In his twenty-third year, Mr. Channing began to preach. His first sermon was delivered at Medford, for and in the presence of Dr. Osgood, from the words, "Silver and gold have I none; but such as I have, give I unto thee." A hearer described his manner as singularly "radiant and full of heavenly joy." So general was the admiration of his pulpit talents, that he immediately received overtures from two congregations in Boston, worshiping, one in Brattle Street, the other in Federal Street. With disinterestedness and modesty, he declined the more tempting offer of the larger and more important society, and accepted that of Federal Street, then in a comparatively low condition. He thought the pastoral duty of such a society would not be too much for his feeble health. His letter of acceptance bears date "Boston, Feb. 12, 1803." On the 1st of June in that year, he was ordained, Dr. Holmes, of Cambridge, Dr. Tappan, of Harvard University, Dr. Osgood, of Medford, Rev. Henry Channing and Mr. Tuckerman, taking part in the service. The sermon was preached by Dr. Tappan, and the charge was given by his uncle.

The early years of every Christian minister's pastoral life, however happy his lot and prosperous his course may be, are strewed with anxiety and clouded with seasons of mental depression. The tenderness of conscience and feeble bodily frame of the young minister of Federal Street were the occasion of additional and peculiar trials. He was cheered at this period by the affectionate solicitude and judicious and hopeful counsels of his brother Francis, settled as a lawyer in the neighbourhood of Boston.

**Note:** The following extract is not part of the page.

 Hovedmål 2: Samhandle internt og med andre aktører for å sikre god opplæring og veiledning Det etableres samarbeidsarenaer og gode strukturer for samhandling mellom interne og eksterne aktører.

His private papers, however, indicate that his mental and moral conflicts were severe and distressing; they also shew how heavenward was his aspect and how pure was his spirit. He created the strongest feelings of personal attachment amongst his parishioners. He found a home in the dwelling of one estimable family; but his affectionate spirit felt the void occasioned by the want of daily communion with his mother and sister. To his sister Ann he wrote, "I am sad-my sister, come and cheer me." An agreement had been entered into between him and his brother Francis, that, in order to ensure their mother and the family a competence, one of them should for ten years continue single. William Ellery Channing having got the start of his brother in respect to income, claimed the privilege of fulfilling this arrangement. His disinterestedness was heightened by the manner in which he communicated his purpose to his excellent parent.

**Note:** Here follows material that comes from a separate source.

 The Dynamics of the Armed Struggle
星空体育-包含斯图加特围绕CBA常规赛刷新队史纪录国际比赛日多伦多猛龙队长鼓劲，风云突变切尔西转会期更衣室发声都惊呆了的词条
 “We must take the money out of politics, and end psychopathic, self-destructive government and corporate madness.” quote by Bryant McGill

"He wrote to his mother that he had a parsonage which he could not occupy, and fuel which he could not burn; and that she would save him much waste and trouble by turning them to good use. He well knew that she could not afford to leave her house and large garden at Newport, without such an addition to her means as he thus placed at her disposal; but he chose to represent himself as the person obliged, by pleading his need of her guardianship. She yielded to his affectionate appeal, and in a short time he had the satisfaction of seeing the home circle gathered round him, beneath his own roof, blessed by his bounty, and enjoying the best opportunities for happiness and improvement,"-P. 197.

The details which the editor gives of Channing's faithful, disinterested

and generous demeanour in his social and family relations, are deeply interesting, and will, we doubt not, be often quoted by many a fireside on both sides of the Atlantic, and reflect moral light on many pure domestic circles.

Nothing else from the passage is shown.